This command helps writers:

  • Extract all unique procedures from a page for testing or migration
  • Generate individual procedure files for each distinct procedure
  • Understand how many different procedures exist in a document
  • Create standalone procedure files for reuse or testing
  • See which selections each procedure appears in

Basic Usage:

# Extract all unique procedures from a file
./audit-cli extract procedures path/to/file.rst -o ./output

# Extract only procedures that appear in a specific selection
./audit-cli extract procedures path/to/file.rst -o ./output --selection "driver, nodejs"

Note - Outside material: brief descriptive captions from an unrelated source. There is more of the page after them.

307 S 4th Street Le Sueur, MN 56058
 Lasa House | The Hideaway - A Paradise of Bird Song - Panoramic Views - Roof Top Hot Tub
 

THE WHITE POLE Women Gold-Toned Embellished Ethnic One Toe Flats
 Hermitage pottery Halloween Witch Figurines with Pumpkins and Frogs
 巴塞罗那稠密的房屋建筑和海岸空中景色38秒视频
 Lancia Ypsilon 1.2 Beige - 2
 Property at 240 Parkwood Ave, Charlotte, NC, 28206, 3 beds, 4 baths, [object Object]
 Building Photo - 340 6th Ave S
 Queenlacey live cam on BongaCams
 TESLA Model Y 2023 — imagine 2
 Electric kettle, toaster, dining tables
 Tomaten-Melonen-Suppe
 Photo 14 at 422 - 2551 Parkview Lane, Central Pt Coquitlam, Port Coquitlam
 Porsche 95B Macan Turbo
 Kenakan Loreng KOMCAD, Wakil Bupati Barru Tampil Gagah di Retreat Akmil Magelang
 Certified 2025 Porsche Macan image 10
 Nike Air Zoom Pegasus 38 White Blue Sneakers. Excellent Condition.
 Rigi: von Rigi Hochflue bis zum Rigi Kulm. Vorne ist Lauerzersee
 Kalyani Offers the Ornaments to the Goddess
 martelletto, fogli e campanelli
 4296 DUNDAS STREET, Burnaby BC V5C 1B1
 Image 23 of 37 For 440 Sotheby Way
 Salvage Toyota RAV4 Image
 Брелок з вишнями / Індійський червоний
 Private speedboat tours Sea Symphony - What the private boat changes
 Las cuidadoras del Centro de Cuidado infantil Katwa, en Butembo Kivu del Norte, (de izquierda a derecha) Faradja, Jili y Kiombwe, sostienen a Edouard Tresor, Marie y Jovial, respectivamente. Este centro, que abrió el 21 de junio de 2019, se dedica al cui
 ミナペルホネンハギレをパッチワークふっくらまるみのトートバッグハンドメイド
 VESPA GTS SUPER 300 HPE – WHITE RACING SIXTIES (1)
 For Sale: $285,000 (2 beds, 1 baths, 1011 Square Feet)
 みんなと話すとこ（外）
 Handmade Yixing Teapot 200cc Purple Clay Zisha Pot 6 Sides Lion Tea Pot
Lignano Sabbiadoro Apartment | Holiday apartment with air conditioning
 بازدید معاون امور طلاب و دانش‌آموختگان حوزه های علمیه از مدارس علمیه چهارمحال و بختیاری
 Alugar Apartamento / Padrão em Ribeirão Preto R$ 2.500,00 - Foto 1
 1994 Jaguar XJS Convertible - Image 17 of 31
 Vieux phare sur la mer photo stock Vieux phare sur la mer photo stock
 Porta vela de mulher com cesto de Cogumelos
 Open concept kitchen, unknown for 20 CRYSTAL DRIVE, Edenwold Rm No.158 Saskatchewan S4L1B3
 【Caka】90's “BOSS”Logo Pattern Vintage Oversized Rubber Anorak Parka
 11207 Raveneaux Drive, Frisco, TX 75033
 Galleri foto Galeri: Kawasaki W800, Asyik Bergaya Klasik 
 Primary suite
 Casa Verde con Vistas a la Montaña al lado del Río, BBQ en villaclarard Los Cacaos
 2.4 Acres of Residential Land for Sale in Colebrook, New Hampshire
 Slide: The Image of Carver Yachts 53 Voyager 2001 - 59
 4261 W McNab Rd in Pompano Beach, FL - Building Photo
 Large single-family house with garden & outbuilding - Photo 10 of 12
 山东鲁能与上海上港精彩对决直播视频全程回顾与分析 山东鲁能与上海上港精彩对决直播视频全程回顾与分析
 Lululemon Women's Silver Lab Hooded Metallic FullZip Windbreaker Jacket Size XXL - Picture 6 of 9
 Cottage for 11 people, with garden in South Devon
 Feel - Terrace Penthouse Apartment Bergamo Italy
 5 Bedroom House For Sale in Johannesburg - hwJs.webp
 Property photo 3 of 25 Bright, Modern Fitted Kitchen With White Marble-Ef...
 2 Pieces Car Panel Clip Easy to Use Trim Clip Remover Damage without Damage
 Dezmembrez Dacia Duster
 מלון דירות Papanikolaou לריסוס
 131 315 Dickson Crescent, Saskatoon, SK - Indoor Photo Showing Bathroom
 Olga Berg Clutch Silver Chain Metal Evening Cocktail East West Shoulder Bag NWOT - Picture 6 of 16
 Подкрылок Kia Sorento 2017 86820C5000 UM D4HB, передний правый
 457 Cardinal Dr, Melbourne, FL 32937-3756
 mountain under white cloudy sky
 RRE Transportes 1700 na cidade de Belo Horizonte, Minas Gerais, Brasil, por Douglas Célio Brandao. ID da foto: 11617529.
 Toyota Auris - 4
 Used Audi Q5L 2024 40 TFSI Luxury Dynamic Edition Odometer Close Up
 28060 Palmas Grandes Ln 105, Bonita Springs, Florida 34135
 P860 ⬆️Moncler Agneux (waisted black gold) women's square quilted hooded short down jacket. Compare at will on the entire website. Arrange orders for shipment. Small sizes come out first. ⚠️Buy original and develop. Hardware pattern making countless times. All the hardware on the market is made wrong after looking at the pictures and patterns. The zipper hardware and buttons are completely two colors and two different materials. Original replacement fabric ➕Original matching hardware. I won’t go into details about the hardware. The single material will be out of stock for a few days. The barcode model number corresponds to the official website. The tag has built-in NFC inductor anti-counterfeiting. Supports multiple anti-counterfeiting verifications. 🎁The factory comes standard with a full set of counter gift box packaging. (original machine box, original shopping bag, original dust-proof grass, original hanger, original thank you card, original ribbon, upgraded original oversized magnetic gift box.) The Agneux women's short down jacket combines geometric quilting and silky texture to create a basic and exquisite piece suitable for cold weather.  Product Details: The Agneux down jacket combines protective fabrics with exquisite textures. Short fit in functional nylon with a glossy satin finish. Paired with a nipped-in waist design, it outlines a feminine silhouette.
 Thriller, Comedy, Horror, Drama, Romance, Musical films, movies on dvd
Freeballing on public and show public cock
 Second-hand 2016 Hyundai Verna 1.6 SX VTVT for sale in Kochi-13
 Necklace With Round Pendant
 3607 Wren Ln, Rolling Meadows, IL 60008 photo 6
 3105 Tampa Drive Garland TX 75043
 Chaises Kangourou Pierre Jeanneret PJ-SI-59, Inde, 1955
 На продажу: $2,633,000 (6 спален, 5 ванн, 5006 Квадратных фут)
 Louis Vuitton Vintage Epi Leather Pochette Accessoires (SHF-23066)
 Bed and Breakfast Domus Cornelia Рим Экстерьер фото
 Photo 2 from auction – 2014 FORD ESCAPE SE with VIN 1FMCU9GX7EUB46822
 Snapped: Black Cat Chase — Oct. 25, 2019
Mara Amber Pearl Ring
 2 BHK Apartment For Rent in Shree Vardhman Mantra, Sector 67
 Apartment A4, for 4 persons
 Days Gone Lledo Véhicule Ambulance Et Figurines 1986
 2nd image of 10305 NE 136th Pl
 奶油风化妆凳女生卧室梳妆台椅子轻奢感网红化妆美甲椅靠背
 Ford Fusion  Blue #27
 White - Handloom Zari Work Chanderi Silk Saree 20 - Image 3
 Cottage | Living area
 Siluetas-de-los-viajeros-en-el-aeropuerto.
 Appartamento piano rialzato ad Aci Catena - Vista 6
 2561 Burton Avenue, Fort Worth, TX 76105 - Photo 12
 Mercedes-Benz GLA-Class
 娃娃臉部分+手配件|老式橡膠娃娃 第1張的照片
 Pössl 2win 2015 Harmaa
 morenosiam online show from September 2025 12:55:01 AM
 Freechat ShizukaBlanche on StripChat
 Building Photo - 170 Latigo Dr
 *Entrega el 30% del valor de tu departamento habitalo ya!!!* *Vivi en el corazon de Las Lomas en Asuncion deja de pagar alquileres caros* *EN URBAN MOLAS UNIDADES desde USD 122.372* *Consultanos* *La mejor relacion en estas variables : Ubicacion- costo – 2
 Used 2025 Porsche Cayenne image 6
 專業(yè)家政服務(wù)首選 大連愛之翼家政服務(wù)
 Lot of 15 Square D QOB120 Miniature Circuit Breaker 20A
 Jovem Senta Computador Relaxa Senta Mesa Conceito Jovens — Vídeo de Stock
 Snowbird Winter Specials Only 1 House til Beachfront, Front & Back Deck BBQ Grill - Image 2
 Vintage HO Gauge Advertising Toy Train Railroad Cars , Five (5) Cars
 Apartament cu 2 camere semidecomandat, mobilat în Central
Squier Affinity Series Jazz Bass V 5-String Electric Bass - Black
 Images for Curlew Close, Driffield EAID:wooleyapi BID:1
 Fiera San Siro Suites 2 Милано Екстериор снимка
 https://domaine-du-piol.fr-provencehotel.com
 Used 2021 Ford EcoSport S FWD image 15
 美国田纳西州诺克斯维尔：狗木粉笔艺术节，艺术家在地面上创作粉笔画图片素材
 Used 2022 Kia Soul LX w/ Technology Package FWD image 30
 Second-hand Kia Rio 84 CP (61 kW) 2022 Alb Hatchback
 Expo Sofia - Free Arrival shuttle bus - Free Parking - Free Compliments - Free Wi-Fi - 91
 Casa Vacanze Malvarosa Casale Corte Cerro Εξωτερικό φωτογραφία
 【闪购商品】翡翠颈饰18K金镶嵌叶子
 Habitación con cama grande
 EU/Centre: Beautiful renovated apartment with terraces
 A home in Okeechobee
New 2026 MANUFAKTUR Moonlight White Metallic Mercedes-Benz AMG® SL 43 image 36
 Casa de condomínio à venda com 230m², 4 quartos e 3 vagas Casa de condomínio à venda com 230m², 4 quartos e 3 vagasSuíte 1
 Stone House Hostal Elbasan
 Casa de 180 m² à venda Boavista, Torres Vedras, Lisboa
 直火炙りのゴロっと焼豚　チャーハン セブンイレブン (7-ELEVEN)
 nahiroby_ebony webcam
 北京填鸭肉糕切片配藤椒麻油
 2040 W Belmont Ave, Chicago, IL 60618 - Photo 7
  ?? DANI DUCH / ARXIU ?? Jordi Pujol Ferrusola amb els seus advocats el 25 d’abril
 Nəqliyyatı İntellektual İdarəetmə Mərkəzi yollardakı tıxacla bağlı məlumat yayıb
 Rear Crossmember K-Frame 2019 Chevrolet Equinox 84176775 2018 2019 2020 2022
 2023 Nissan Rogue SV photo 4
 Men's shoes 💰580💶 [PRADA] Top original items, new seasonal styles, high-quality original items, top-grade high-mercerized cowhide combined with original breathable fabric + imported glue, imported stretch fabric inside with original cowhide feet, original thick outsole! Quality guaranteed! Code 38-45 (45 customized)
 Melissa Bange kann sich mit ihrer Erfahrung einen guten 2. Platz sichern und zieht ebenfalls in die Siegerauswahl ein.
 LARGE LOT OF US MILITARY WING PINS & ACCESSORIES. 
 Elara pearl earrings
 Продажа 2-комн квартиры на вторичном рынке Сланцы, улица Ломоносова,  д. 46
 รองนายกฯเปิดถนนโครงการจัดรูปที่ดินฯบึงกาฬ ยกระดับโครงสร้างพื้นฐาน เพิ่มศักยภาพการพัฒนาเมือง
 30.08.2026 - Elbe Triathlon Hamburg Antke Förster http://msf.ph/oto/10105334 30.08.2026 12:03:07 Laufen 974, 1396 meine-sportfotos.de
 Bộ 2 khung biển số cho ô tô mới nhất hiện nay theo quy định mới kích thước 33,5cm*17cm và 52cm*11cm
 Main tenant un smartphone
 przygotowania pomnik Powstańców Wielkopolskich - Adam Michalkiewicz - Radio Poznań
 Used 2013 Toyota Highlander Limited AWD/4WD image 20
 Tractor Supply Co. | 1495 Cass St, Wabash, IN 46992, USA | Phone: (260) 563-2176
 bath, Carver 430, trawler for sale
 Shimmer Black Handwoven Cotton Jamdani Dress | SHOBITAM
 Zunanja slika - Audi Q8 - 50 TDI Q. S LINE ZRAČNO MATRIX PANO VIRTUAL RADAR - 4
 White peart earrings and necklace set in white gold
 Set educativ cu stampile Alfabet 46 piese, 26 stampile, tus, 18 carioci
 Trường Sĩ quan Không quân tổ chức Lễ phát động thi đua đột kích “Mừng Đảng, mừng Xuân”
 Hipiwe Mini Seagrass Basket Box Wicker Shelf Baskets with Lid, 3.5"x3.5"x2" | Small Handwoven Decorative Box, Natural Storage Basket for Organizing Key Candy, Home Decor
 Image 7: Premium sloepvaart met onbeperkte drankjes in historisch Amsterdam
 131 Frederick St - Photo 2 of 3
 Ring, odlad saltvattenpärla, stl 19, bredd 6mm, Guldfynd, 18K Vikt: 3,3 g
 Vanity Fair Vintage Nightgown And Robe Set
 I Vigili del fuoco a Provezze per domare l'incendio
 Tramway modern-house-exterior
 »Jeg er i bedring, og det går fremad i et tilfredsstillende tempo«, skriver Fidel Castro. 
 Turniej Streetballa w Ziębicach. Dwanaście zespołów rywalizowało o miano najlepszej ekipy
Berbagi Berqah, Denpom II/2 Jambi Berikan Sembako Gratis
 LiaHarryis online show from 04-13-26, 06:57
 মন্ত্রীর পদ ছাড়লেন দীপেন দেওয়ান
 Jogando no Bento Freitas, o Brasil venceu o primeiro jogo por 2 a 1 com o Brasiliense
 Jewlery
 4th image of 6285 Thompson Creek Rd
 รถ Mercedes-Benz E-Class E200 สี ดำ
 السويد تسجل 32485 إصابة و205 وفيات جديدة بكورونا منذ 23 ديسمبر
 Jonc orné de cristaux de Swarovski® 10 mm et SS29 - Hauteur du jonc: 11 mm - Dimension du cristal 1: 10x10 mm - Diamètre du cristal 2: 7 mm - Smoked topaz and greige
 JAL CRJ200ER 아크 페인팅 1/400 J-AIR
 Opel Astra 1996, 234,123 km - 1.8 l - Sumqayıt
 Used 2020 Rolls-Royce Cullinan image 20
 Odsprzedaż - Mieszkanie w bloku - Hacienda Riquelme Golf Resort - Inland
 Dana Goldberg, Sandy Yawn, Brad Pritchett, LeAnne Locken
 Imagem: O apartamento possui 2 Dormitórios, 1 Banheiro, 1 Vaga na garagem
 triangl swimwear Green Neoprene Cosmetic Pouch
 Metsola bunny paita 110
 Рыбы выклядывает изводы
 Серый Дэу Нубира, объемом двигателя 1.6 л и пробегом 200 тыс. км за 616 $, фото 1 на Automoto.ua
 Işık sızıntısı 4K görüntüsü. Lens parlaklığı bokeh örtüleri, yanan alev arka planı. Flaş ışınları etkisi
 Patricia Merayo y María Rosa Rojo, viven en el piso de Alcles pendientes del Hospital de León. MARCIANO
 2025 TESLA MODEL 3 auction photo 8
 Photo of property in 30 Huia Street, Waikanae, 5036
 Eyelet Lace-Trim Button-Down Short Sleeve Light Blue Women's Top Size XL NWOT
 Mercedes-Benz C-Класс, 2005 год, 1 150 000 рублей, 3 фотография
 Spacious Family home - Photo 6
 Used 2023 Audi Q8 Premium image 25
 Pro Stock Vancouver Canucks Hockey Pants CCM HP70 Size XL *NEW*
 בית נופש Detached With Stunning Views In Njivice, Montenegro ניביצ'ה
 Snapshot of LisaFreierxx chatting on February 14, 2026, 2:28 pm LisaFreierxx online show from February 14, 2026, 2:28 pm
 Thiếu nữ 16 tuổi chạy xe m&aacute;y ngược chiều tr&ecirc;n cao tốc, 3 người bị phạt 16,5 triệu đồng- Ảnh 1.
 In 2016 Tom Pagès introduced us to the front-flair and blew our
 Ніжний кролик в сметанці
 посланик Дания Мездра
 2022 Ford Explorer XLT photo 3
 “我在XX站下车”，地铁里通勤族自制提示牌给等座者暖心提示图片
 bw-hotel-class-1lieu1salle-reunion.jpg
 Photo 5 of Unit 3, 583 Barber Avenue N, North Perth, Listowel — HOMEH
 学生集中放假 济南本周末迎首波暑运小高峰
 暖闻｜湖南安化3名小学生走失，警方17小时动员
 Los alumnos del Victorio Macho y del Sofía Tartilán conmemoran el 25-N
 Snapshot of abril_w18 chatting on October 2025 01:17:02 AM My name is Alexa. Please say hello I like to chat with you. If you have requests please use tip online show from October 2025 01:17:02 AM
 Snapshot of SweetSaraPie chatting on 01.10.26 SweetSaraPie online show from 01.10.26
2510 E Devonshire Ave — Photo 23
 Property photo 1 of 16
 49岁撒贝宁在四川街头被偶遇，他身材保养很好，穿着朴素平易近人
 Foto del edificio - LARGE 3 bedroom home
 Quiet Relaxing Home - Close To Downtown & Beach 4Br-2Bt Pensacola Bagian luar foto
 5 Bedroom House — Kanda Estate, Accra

# Dry run (show what would be extracted without writing files)
./audit-cli extract procedures path/to/file.rst -o ./output --dry-run

# Verbose output (shows all selections each procedure appears in)
./audit-cli extract procedures path/to/file.rst -o ./output -v

# Expand include directives inline
./audit-cli extract procedures path/to/file.rst -o ./output --expand-includes

Flags:

  • -o, --output <dir> - Output directory for extracted procedure files (default: ./output)
  • --selection <value> - Extract only procedures that appear in a specific selection (e.g., "python", "driver, nodejs")
  • --expand-includes - Expand include directives inline instead of preserving them
  • --dry-run - Show what would be extracted without writing files
  • -v, --verbose - Show detailed processing information including all selections each procedure appears in

Output Format:

Extracted files are named: {heading}_{first-step-title}_{hash}.rst

The filename includes:

  • Heading: The section heading above the procedure
  • First step title: The title of the first step (for readability)
  • Hash: A short 6-character hash of the content (for uniqueness)

Examples:

  • before-you-begin_pull-the-mongodb-docker-image_e8eeec.rst
  • install-mongodb-community-edition_download-the-tarball_44c437.rst
  • configuration_create-the-data-and-log-directories_f1d35b.rst

Verbose Output:

With the -v flag, the command shows detailed information about each procedure:

Found 36 unique procedures:

1. Before You Begin
   Output file: before-you-begin-pull-the-mongodb-docker-image-e8eeec.rst
   Steps: 5
   Appears in 2 selections:
     - docker, None, None, None, None, None, without-search-docker
     - docker, None, None, None, None, None, with-search-docker

2. Install MongoDB Community Edition
   Output file: install-mongodb-community-edition-download-the-tarball-44c437.rst
   Steps: 4
   Appears in 1 selections:
     - macos, None, None, tarball, None, None, None

Supported Procedure Types:

The command recognizes and extracts:

  • .. procedure:: directives with .. step:: directives
  • Ordered lists (numbered or lettered) as procedures
  • .. tabs:: directives with :tabid: options for variations
  • .. composable-tutorial:: directives with .. selected-content:: blocks
  • Sub-procedures (ordered lists within steps)
  • YAML steps files (automatically converted to RST format)

How Uniqueness is Determined:

Procedures are grouped by:

  1. Heading: The section heading above the procedure
  2. Content hash: A hash of the procedure's steps and content

This means:

  • Procedures with the same heading but different content are treated as separate unique procedures
  • Procedures with identical content that appear in multiple selections are extracted once
  • The output file shows all selections where that procedure appears (visible with -v flag)

Report:

After extraction, the report shows:

  • Number of unique procedures extracted
  • Number of files written
  • Detailed list of procedures with step counts and selections (with -v flag)

Search Commands

search find-string

Search through files for a specific substring. Can search through extracted code example or procedure files or RST source files.

Default Behavior:

  • Case-insensitive search (matches "curl", "CURL", "Curl", etc.)
  • Exact word matching (excludes partial matches like "curl" in "libcurl")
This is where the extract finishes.